Many people don’t realize that drugs are approved by the FDA not based on a firm understanding of how they work, but based on whether they work and are safe. Efficacy and safety are both (at least up until now) statistical claims based on the effects on hundreds to thousands of subjects during phase I-III trials. If you give a particular drug to a large number of people, and if the adverse events are “tolerable” (by some reasonable definition, often in the context of how bad the disease is) and the drug has a positive effect, then the drug will be approved.

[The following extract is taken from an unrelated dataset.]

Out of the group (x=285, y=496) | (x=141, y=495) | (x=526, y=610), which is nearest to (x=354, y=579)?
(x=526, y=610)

This FDA approach has been the right one for many decades–our scientific understanding of why drugs work often lags far behind the demonstrations that people can benefit from them. We may never have had access to many great medications if we insisted that we know how they work before we approved them.

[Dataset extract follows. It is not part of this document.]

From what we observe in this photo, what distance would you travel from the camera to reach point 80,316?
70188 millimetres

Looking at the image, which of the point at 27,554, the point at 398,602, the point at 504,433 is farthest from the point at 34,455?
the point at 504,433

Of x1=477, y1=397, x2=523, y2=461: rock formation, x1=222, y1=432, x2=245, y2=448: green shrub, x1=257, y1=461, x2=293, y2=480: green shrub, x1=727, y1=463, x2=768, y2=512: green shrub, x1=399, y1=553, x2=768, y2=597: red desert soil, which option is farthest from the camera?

However pharmacogenomics challenges this paradigm, because fundamental to pharmacogenomics is an understanding AT LEAST of the genes that are involved in either the way the drug works (pharmacodynamics, PD) or how the drug is absorbed, distributed, metabolized and eliminated from the body (pharmacokinetics, PK). Thus, the “black box” model of how a drug works erodes as you gain pharmacogneomics knowledge. Is this good or bad?
Well, the good part is that most will agree that it certainly seems beneficial to understand how a drug works (its mechanism), and to know what it interacts with. We can use this knowledge to reason about potential opportunities for new drugs that interact with similar biological processes, for modifying existing drugs with new chemical properties that may improve their interactions, and to predict which other drugs might have unexpected interactions with our drug because they work in similar biological pathways. As the noted founder of Faber College said “Knowledge is good.”

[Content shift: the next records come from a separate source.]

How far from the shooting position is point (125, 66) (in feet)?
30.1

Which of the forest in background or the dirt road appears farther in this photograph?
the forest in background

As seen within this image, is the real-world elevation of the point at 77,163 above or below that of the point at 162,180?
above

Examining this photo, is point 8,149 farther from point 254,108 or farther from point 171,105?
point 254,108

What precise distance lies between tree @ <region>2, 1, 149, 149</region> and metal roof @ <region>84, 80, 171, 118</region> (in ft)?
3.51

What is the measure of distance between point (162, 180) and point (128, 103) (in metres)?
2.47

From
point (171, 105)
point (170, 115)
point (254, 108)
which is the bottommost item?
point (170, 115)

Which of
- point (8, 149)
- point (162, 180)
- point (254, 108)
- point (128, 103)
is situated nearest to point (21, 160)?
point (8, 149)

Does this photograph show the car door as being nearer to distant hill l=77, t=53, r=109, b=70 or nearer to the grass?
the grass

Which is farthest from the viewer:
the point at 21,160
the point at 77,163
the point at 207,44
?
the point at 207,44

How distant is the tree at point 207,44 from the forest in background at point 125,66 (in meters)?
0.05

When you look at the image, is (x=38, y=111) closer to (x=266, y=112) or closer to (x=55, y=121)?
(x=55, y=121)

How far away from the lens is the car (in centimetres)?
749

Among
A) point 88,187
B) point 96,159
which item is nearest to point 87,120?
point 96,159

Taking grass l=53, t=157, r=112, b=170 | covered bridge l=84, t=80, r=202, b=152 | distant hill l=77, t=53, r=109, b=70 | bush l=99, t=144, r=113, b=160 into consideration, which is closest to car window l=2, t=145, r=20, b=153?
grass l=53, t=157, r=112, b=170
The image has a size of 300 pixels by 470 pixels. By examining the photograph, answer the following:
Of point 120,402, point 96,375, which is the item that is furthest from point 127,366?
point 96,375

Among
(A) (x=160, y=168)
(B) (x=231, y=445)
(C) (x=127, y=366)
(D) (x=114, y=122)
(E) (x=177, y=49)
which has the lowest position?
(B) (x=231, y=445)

On the other hand, we do not have good knowledge of mechanism for many drugs, and that is a major barrier to the rapid application of pharmacogenomics. Which genetic variations should we assess for relevance to a drug response? The lack of this information has lead to great interest in genome-wide association studies (GWAS) to broadly search for genes that impact drug response. The problem, of course, is that these studies are essentially trying to define the mechanism of drug action (both PK and PD, kind of rolled into one) with a somewhat crude tool. The pitfalls of GWAS for picking up subtlety are pretty well chronicled. Are there better ways to uncover drug mechanisms so that genetics can be used with surgical precision instead? I think that this is what we call “good old-fashioned science.” To be sure, we need to use modern technologies to make the experiments faster, cheaper and more accurate, but I think there needs to be an investment in drug mechanism. It will make the pharmacogenetic task easier, but will also lead to a more profound understanding of how drugs work and how new drugs may work better.